▶ Required work:
In your copy, reproduce the entries exactly as they are, minus the images.

(Image-text web data)
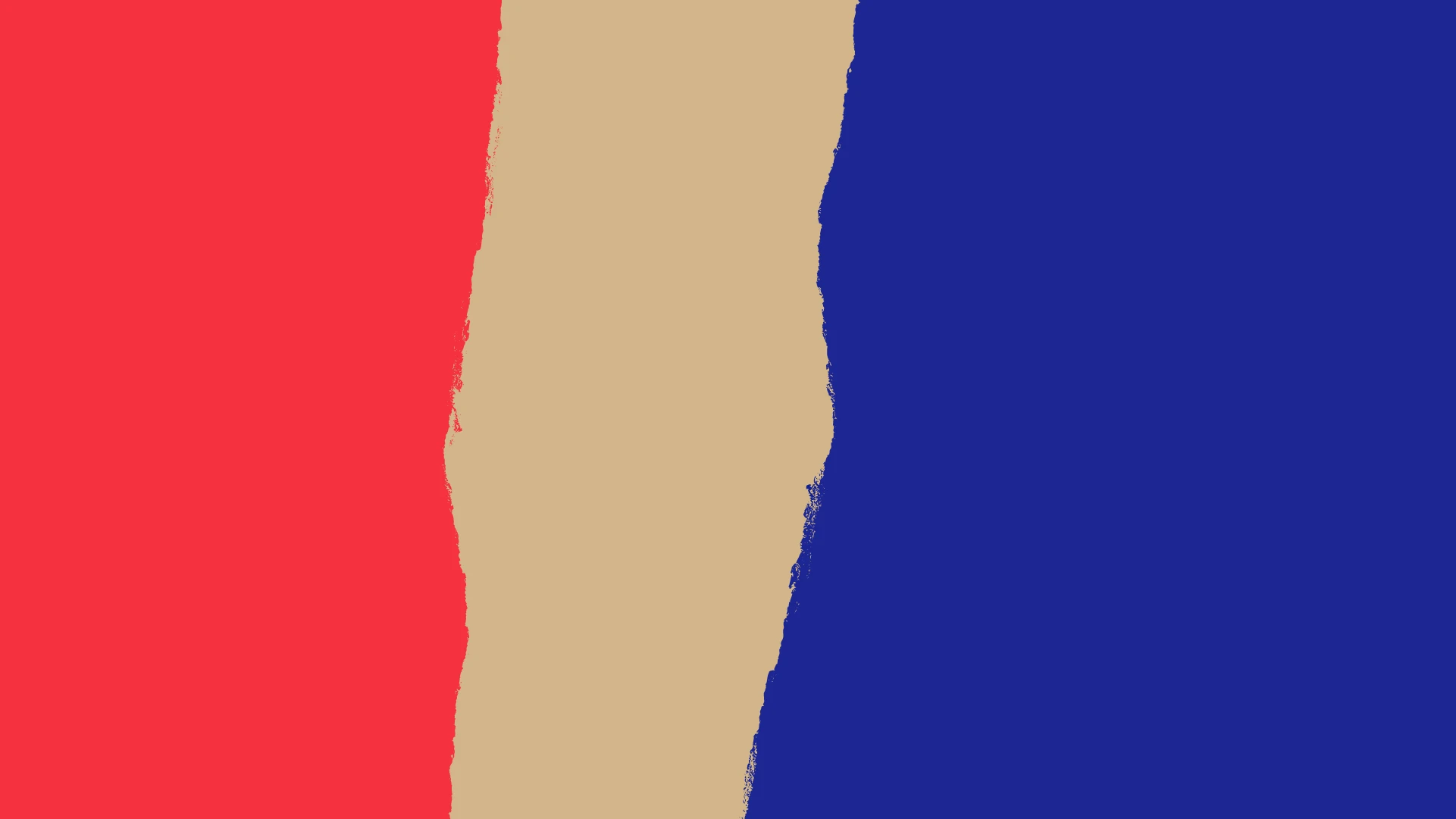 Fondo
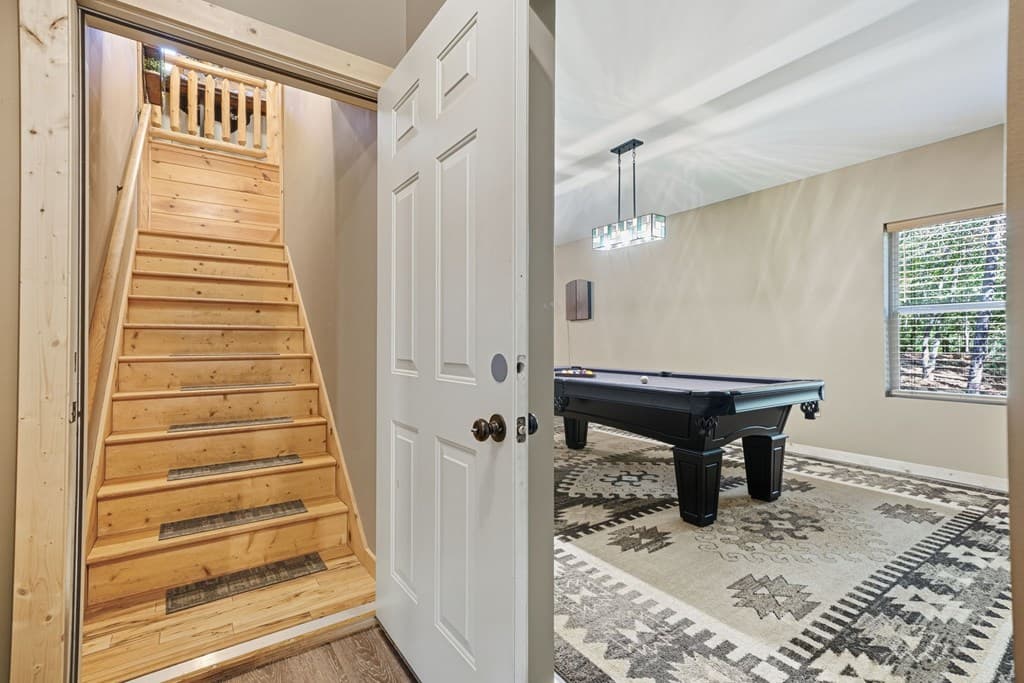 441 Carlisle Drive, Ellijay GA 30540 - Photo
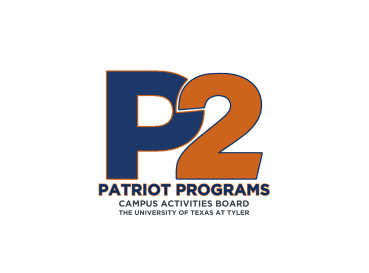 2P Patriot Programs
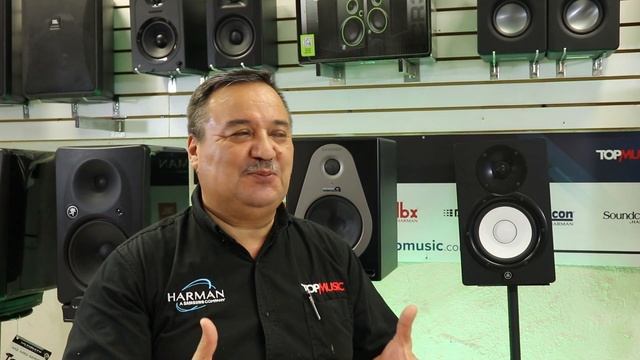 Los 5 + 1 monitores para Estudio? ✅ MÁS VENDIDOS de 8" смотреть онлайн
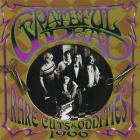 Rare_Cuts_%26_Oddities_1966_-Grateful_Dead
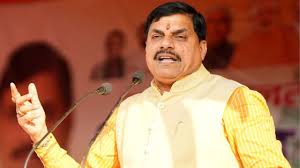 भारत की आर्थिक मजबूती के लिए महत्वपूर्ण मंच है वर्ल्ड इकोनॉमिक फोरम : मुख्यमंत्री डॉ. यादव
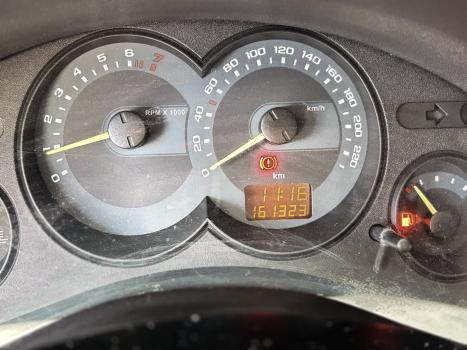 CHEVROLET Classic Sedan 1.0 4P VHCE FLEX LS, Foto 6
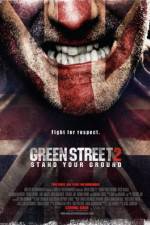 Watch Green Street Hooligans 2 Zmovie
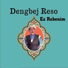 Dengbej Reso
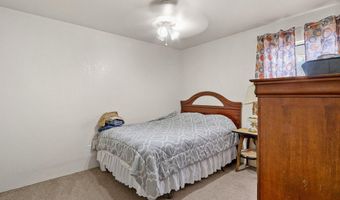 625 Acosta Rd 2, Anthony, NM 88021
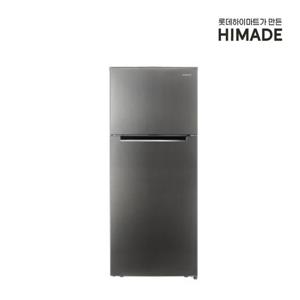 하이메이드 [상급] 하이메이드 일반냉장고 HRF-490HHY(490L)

▶ Solution:
 Fondo
 441 Carlisle Drive, Ellijay GA 30540 - Photo
 2P Patriot Programs
 Los 5 + 1 monitores para Estudio? ✅ MÁS VENDIDOS de 8" смотреть онлайн
 Rare_Cuts_%26_Oddities_1966_-Grateful_Dead
 भारत की आर्थिक मजबूती के लिए महत्वपूर्ण मंच है वर्ल्ड इकोनॉमिक फोरम : मुख्यमंत्री डॉ. यादव
 CHEVROLET Classic Sedan 1.0 4P VHCE FLEX LS, Foto 6
 Watch Green Street Hooligans 2 Zmovie
 Dengbej Reso
 625 Acosta Rd 2, Anthony, NM 88021
 하이메이드 [상급] 하이메이드 일반냉장고 HRF-490HHY(490L)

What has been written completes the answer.